Last week, theater impresario Andrew Lloyd Webber urged the Prime Minister for a reopening date, failing which the pantomime business that is the backbone of the U.K. theater industry would collapse. “Boris, give us a date,” said Lloyd Webber.

On Tuesday, leading theater producer Cameron Mackintosh wrote in the Evening Standard newspaper: “Theaters aren’t meant to be dark, so please, Boris: ‘Curtain up, light the lights, we have nothing to hit but the heights.’ We are all raring to go back to work. But we need the money to survive and a realistic period of time to plan wisely so that the curtain stays up once we reopen.”

Mackintosh warned that the creative supply line has been ruptured for at least 18 months and London and New York cannot properly function until theaters reopen. Webber and Mackintosh’s “The Phantom of the Opera” is the latest high profile casualty of the coronavirus pandemic, closing its doors permanently following a 34-year run in the West End.
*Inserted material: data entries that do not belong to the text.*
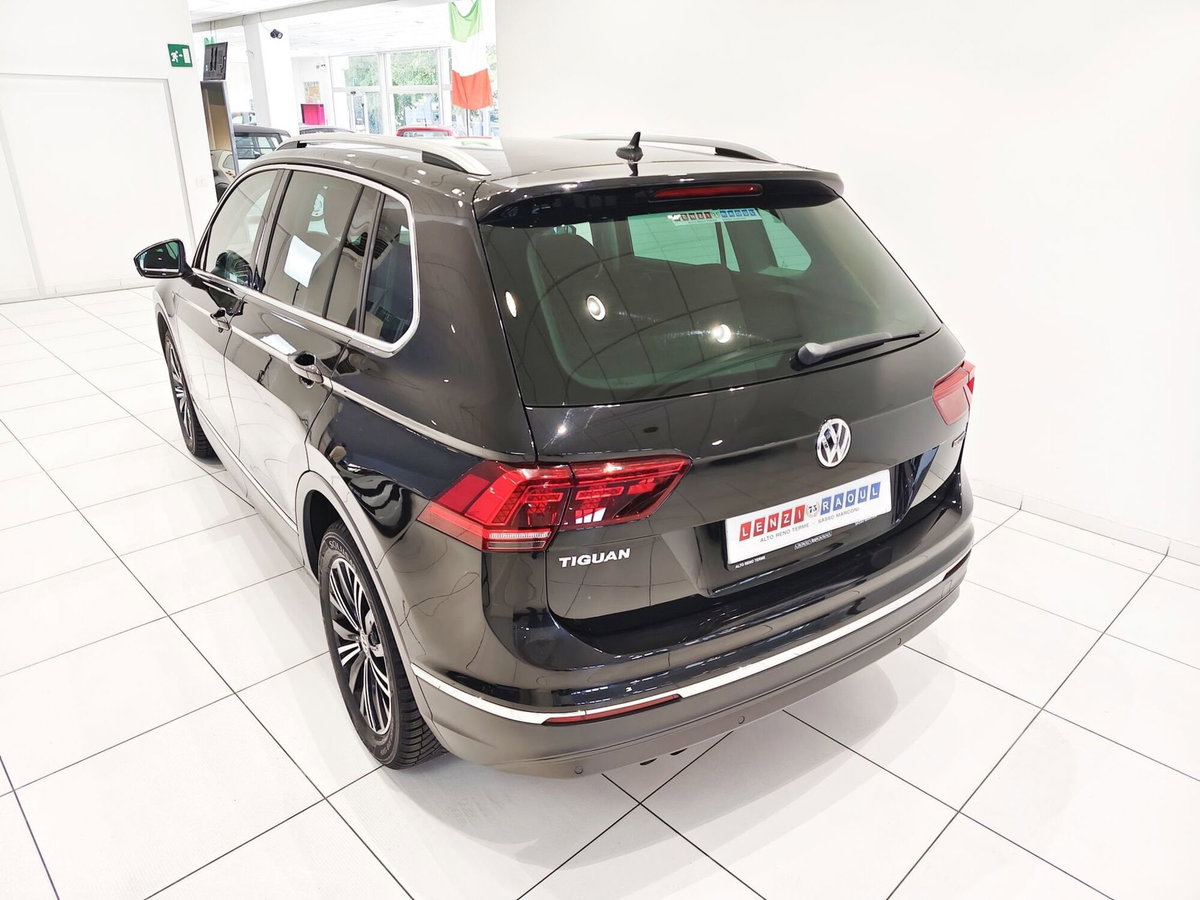 Volkswagen Tiguan 2.0 TDI 150 CV SCR DSG 4MOTION R-Line (17)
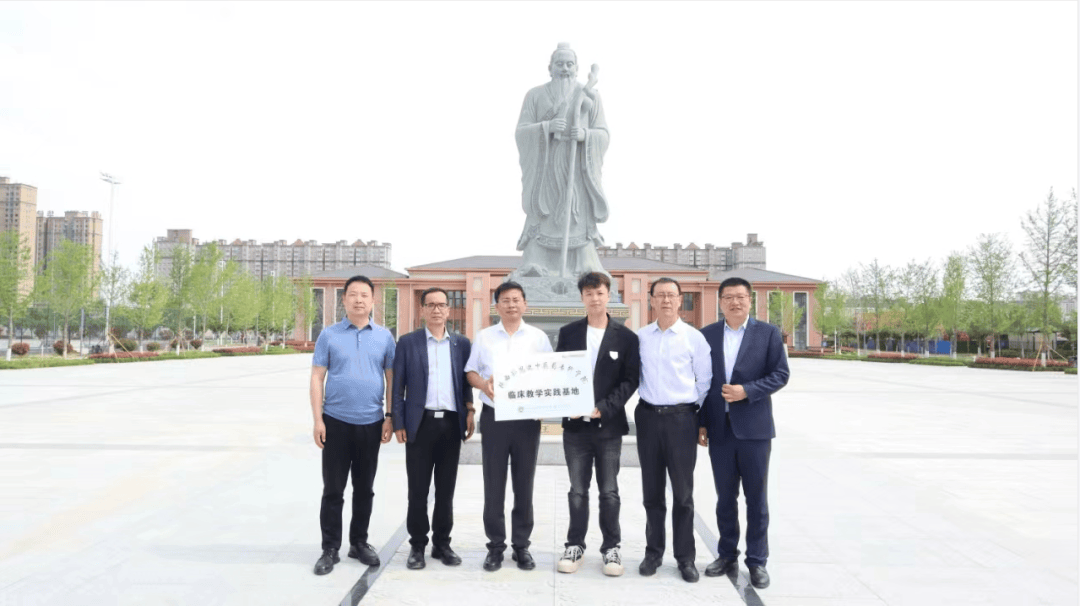 仪式现场,在陕西孙思邈中医药专修学院总顾问郭和平先生的见证下,陕西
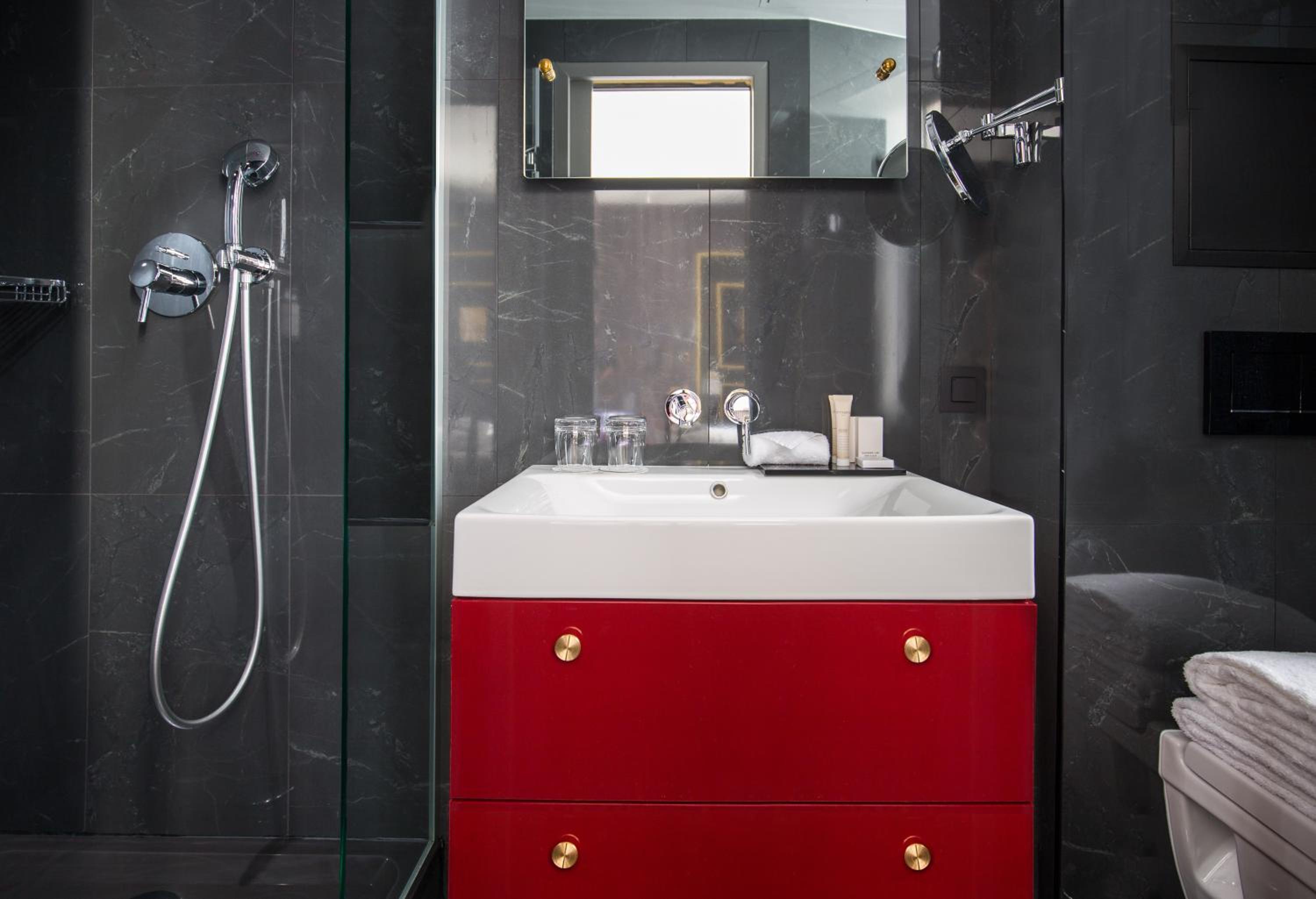 Snob Hotel 17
Dowden was on the Today program to talk up the government’s cultural recovery fund that goes into effect from Wednesday. “We are launching this scheme today, putting out the guidelines, and we’ll be allocating the vast majority of it over the summer. If institutions are in a situation where they need money more rapidly than that, we will make resources available if they are literally on the verge of going under. And we are working with other organizations, for example Arts Council England, to get that emergency support in.”